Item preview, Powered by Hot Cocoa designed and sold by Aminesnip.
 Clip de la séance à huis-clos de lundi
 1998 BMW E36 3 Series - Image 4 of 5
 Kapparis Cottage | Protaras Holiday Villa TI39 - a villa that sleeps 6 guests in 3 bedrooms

▸ **Problem requirements**: Restating all of the data exactly is the whole task.

▸ **Completed exercise**:
Item preview, Powered by Hot Cocoa designed and sold by Aminesnip.
 Clip de la séance à huis-clos de lundi
 1998 BMW E36 3 Series - Image 4 of 5
 Kapparis Cottage | Protaras Holiday Villa TI39 - a villa that sleeps 6 guests in 3 bedrooms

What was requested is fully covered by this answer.